### Available records
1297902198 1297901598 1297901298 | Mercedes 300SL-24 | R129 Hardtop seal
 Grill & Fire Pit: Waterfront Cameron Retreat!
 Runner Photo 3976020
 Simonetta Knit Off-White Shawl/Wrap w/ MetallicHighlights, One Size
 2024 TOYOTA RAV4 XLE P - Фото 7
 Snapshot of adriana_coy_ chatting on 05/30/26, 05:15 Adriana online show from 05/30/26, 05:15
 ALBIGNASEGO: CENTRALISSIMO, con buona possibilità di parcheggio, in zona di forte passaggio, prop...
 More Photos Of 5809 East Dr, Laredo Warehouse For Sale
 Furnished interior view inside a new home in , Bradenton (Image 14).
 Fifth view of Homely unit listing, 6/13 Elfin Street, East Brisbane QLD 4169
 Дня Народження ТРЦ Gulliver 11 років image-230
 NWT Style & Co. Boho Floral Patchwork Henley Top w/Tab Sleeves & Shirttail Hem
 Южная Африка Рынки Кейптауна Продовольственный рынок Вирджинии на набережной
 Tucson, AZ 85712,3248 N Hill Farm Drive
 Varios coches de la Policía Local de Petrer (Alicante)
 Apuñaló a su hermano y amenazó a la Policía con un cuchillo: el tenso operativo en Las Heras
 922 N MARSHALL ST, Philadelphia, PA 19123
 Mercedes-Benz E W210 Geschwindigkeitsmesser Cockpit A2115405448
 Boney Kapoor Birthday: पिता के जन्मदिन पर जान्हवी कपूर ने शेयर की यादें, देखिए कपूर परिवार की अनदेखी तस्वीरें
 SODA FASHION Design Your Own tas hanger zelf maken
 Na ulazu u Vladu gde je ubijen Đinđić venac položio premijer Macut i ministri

### Assignment
In the data above, find the line that contains "Runner Photo 3976020" and the line that contains "Boney Kapoor Birthday: पिता". Repeat exactly those lines and every line between them, and only those.

### Response for this exercise
 Runner Photo 3976020
 Simonetta Knit Off-White Shawl/Wrap w/ MetallicHighlights, One Size
 2024 TOYOTA RAV4 XLE P - Фото 7
 Snapshot of adriana_coy_ chatting on 05/30/26, 05:15 Adriana online show from 05/30/26, 05:15
 ALBIGNASEGO: CENTRALISSIMO, con buona possibilità di parcheggio, in zona di forte passaggio, prop...
 More Photos Of 5809 East Dr, Laredo Warehouse For Sale
 Furnished interior view inside a new home in , Bradenton (Image 14).
 Fifth view of Homely unit listing, 6/13 Elfin Street, East Brisbane QLD 4169
 Дня Народження ТРЦ Gulliver 11 років image-230
 NWT Style & Co. Boho Floral Patchwork Henley Top w/Tab Sleeves & Shirttail Hem
 Южная Африка Рынки Кейптауна Продовольственный рынок Вирджинии на набережной
 Tucson, AZ 85712,3248 N Hill Farm Drive
 Varios coches de la Policía Local de Petrer (Alicante)
 Apuñaló a su hermano y amenazó a la Policía con un cuchillo: el tenso operativo en Las Heras
 922 N MARSHALL ST, Philadelphia, PA 19123
 Mercedes-Benz E W210 Geschwindigkeitsmesser Cockpit A2115405448
 Boney Kapoor Birthday: पिता के जन्मदिन पर जान्हवी कपूर ने शेयर की यादें, देखिए कपूर परिवार की अनदेखी तस्वीरें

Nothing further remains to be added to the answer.